Unlike previous translations between the languages, it is published by one of Israel's leading publishers and focuses on daily life and love as much as on politics.
Called "Two," the collection is published by Keter Publishing House, and aims to launch a dialogue between young, contemporary writers in both languages. The ongoing Israeli-Palestinian conflict is unavoidably present in the anthology, but it is not the dominant theme. The best poems and stories approach political questions obliquely, framing them in unexpected ways.
"Love is no less political than politics," says Rajaa Natour, a poet who has contributed two love poems to the volume. As a Palestinian with Israeli citizenship, she is part of the country's 20 percent Arab minority whose experiences are often unfamiliar to the Jewish majority.
"Through the translation, my voice as a Palestinian woman will reach Jewish women who are not in, and do not know, my day-to-day life and reveal my emotional world. If I wasn't translated to Hebrew, I would never reach them."

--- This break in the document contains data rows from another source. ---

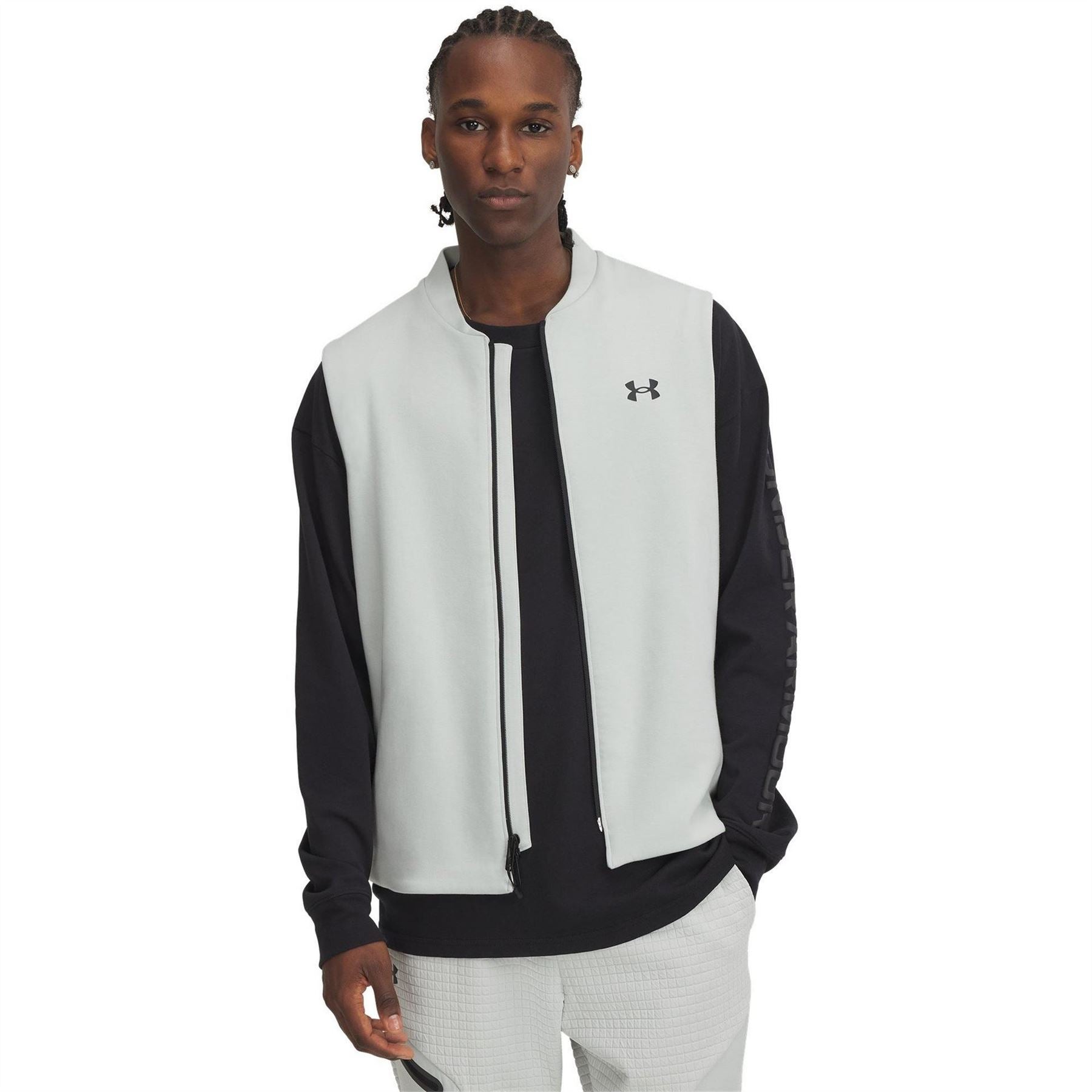 Under Armour Unstoppable Lightweight Gilet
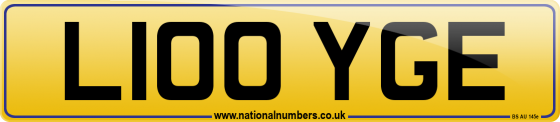 L100 YGE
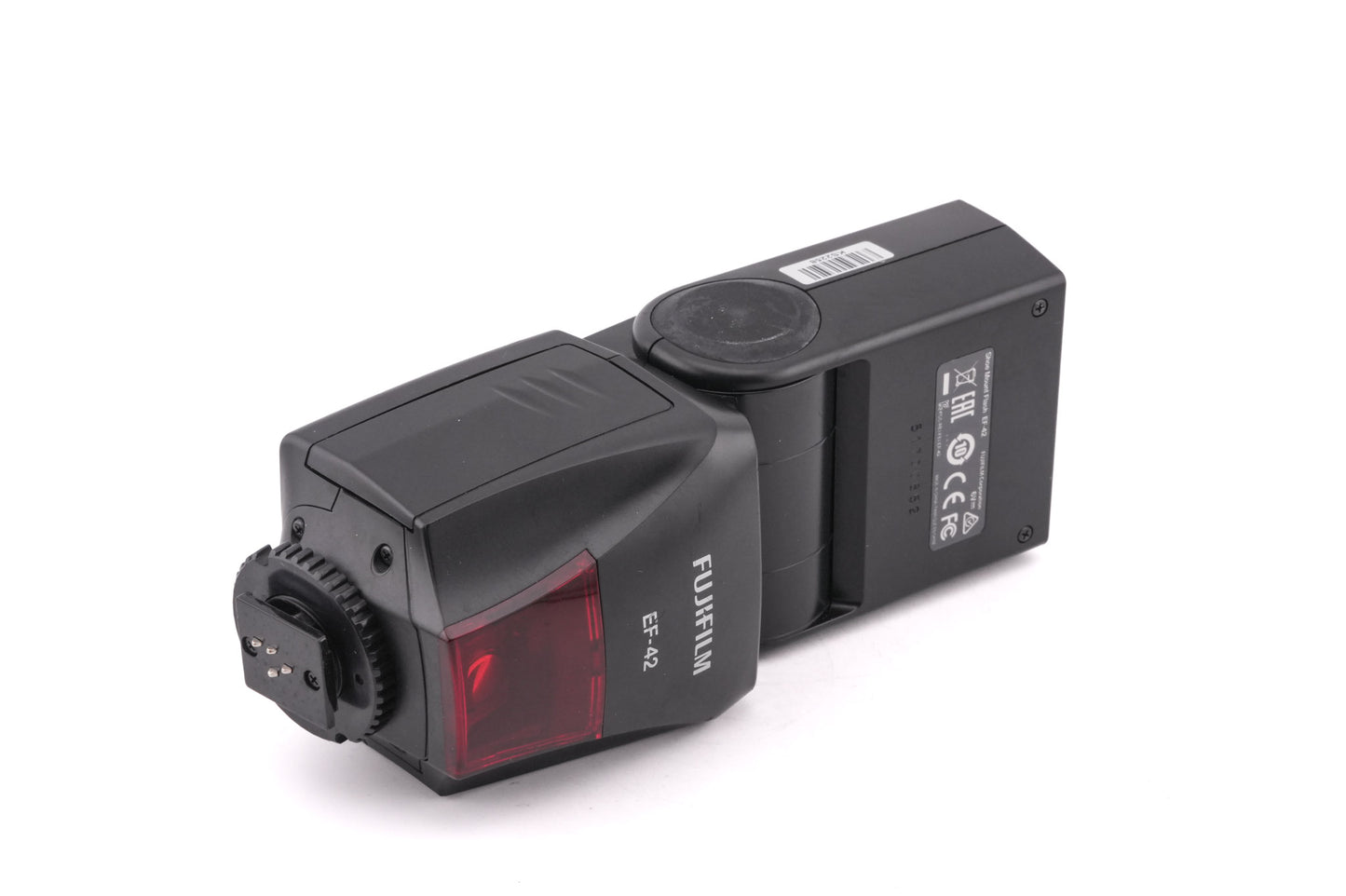 Fujifilm EF-42 Flash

The project, begun in 2008, originally included Palestinians from the West Bank and Gaza Strip as well. But failed peace initiatives and three Israel-Gaza conflicts eventually led all of them to withdraw. However, the inclusion of Palestinians living within Israel still marks a significant accomplishment, especially given the heightened tensions during last summer's Gaza war.
While Arabic literature has been translated into Hebrew before, and vice versa, those translations have focused on established authors. "Two" aims to bring together a younger generation of poets and fiction writers who are unfamiliar to readers of the other language. The 70+ poems and short stories included in the collection all appear twice, in the original and in Hebrew or Arabic translation.
Hebrew and Arabic share common linguistic roots and a long history of literary interaction, but in Israel today Hebrew and Arabic readers are largely unfamiliar with each other's language and literature.
"The community of writers in Hebrew and writers in Arabic live in parallel and publish in parallel, and they hardly meet," says Almog Behar, an Israeli novelist and poet and one of the book's editors, along with Tamer Massalha and Tamar Weiss-Gabbay.
Given the difficult state of Israeli-Palestinian relations currently, Dr. Behar claims for the anthology a modest, if hopeful goal.
"We don't have any utopian idea that we're creating a shared literary community," he said. Rather, the collection can be "a kind of introduction that can generate further influences and connections."